Muslim AI Companion, aplikasi kecerdasan buatan Islami karya anak bangsa, sukses mencatat prestasi membanggakan di kancah global. Tak hanya digunakan di negara-negara mayoritas Muslim, aplikasi ini juga meraih popularitas di Amerika Serikat yang kini menempati posisi ketiga pengguna terbanyak.

Lahir dari gagasan seorang ibu sekaligus entrepreneur Indonesia, Muslim AI Companion hadir untuk menjawab keresahan umat Muslim di era digital yang sering kali dipenuhi distraksi. Aplikasi ini dirancang sebagai sahabat virtual yang mampu mendengar, menemani, dan membimbing tanpa menghakimi, dengan tetap berlandaskan nilai-nilai Islami.

Menariknya, keberhasilan aplikasi ini di Amerika Serikat memperlihatkan bagaimana teknologi Islami buatan Indonesia mampu menjawab kebutuhan minoritas Muslim di sana. Banyak dari mereka yang menghadapi tantangan identitas dan rasa kesepian, menemukan Muslim AI Companion sebagai ruang aman untuk berbagi dan memperkuat spiritualitas.

“Muslim AI Companion membantu saya merasa tidak sendirian.

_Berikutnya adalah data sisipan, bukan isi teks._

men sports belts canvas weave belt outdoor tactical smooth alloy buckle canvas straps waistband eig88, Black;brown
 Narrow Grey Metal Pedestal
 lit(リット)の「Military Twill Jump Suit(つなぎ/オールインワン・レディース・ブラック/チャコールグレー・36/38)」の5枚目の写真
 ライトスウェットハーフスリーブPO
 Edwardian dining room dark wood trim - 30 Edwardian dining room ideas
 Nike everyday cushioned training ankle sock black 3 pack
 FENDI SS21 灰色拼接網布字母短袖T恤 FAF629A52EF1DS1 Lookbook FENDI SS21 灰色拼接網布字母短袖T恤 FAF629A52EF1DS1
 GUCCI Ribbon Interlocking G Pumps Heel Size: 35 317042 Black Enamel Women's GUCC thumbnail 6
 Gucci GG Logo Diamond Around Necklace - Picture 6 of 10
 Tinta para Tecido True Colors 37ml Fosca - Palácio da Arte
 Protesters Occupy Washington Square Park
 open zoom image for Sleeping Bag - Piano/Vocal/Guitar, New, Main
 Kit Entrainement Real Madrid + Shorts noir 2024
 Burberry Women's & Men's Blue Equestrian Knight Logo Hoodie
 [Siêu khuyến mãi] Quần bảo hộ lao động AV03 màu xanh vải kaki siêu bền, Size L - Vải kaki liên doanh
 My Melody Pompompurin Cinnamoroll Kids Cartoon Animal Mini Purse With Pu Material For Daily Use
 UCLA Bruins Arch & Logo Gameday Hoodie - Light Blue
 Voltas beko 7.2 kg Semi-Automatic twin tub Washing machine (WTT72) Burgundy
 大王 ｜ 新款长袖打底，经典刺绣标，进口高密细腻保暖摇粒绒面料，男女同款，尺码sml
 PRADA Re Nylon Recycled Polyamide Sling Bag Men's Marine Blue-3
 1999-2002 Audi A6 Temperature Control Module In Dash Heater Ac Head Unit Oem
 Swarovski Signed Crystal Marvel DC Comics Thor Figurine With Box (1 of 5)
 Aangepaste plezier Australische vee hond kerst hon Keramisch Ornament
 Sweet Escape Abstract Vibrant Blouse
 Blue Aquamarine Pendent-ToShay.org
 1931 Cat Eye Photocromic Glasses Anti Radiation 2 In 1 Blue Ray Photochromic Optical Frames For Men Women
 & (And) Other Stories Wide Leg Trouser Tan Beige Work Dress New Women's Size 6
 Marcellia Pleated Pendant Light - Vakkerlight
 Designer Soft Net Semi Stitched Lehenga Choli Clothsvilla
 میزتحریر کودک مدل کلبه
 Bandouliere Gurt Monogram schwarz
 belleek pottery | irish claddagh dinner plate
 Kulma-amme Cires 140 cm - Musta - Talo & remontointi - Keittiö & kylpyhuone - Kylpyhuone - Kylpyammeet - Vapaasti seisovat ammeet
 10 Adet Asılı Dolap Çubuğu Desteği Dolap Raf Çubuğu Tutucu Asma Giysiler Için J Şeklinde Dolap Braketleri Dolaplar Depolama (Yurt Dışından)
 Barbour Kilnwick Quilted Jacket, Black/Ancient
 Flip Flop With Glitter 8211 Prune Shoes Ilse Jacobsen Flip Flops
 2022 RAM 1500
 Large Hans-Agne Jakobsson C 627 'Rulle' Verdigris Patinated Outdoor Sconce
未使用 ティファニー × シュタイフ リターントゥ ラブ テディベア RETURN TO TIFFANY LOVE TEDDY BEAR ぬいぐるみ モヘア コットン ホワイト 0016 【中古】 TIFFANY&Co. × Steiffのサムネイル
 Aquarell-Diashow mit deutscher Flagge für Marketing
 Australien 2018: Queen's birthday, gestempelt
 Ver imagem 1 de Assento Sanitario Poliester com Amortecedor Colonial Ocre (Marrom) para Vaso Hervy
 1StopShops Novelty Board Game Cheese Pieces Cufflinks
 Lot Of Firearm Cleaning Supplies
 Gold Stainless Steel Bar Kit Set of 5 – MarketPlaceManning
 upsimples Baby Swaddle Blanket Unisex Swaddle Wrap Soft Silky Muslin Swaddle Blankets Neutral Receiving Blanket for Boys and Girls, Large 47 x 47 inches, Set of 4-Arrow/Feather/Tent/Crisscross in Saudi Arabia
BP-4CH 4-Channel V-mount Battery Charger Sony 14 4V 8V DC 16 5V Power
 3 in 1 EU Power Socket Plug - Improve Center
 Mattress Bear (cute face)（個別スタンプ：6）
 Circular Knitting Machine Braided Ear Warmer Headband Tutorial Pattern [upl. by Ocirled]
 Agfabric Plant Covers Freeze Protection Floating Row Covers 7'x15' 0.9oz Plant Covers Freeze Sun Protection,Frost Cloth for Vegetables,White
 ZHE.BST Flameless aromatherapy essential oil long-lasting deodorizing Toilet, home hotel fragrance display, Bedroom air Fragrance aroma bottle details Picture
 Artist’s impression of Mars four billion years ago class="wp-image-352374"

Aplikasi ini mendengarkan tanpa menghakimi, dan itu sangat berarti bagi saya,” ujar seorang mahasiswa Muslim di New York.

Sejumlah fitur membuat aplikasi ini relevan di banyak negara, mulai dari Safe Zone Islami yang ramah, dukungan 36 bahasa, karakter virtual Islami yang hangat, hingga komitmen pada etika dan keamanan. Dalam waktu singkat, aplikasi ini telah menjangkau pengguna di 115 negara, termasuk Indonesia, Bangladesh, Jerman, Pakistan, hingga Amerika Serikat.

Ke depan, Muslim AI Companion berambisi berkembang menjadi ekosistem Islami digital yang lebih luas, mencakup pembelajaran Qur’an, hadits, ruang refleksi, hingga komunitas global lintas budaya.